Following lobbying from the UK, trusts and foundations are excluded from the requirement to provide information on beneficiaries as part of a public register, although information will still be collected by trustees and may be accessed by national authorities. In addition to the provisions for a register of beneficial owners set out under the Small Business, Enterprise and Employment Act 2015, the Act also sets out provisions for the prohibition of bearer shares in the UK and the conversion of any existing bearer shares to registered shares. Furthermore, the Act curtails the use of corporate directors to a limited range of situations. Both of these measures are designed to restrict the opportunity for beneficial owners to hide behind a veil of secrecy.

The provisions for the creation of centralised registers of beneficial owners under MLD4 creates a precedent for non-EU states to follow, and advocates of greater transparency in the EU hope that, by taking a lead on the issue, other countries will in due course adopt similar measures, therefore restricting the opportunity for money launderers to hide behind shell companies, nominees and bearer instruments. Nevertheless, this will inevitably be a long process. Strong vested interests ensured that trusts and foundations were excluded from provisions for public registers, and a number of British Overseas Territories and British Protectorates, which are responsible for the creation of large volume of offshore companies with minimal disclosure requirements, have been reluctant to adopt greater transparency, despite intense pressure and threats at the highest political levels.
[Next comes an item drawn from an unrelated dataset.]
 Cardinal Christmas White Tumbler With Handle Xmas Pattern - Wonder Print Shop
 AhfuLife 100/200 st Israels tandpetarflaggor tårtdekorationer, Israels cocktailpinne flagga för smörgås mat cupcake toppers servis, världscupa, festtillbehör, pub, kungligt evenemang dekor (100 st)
Furthermore, there remains the risk that determined money launderers will simply adapt to the new disclosure requirements – for example, by continuing to use ‘fronts’ as named beneficial owners or directors, acting either willingly or through coercion. This may lead to a degree of false comfort if a high level of trust is placed in corporate filings. Although sanctions for non-compliance with company filings requirements will be increased, including criminal penalties, and nominee directors will be held to a greater degree of accountability for their actions with a strengthening of the director disqualification regime, this may not deter such activity entirely – particularly criminal enterprises. Furthermore, currently Companies House does not have an extensive investigatory capacity to ensure accuracy of information provided and, without such capacity, it would be unable to verify whether information provided on beneficial owners was correct.
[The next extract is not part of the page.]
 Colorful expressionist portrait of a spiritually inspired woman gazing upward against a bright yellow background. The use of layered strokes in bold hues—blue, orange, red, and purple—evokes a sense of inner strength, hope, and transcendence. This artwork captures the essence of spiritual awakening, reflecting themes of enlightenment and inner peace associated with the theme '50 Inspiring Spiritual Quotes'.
In the UK, rather than seeking to increase the capacity for Companies House to independently validate the information that has been provided, the approach taken has been to place the onus on companies to ensure the quality and timeliness of information provided, and to apply stricter penalties for non-compliance. For this reason and, unless this situation changes – which appears unlikely given the government is seeking to reduce ‘red tape’ – those firms obliged to undertake Know Your Customer checks should not rely at face value on beneficial ownership information held at Companies House without seeking to confirm or corroborate its validity.

Levels of administrative pecuniary sanctions

Specific minimum sanctions for breach of AML/CTF requirements have been outlined under MLD4. The directive sets out provisions related to the level of administrative pecuniary sanctions applicable to financial institutions and to non-financial institutions. In relation to financial institutions, as regards legal persons, the level of maximum pecuniary sanctions shall be at least EUR 5 million or 10% of the total annual turnover. As regards natural persons, the maximum of pecuniary sanctions is of a least EUR 5 million. MLD4 further states that, in the case of non-financial institutions, the maximum pecuniary sanctions is at least twice the amount of the benefit derived from the breach, or at least EUR 1 million.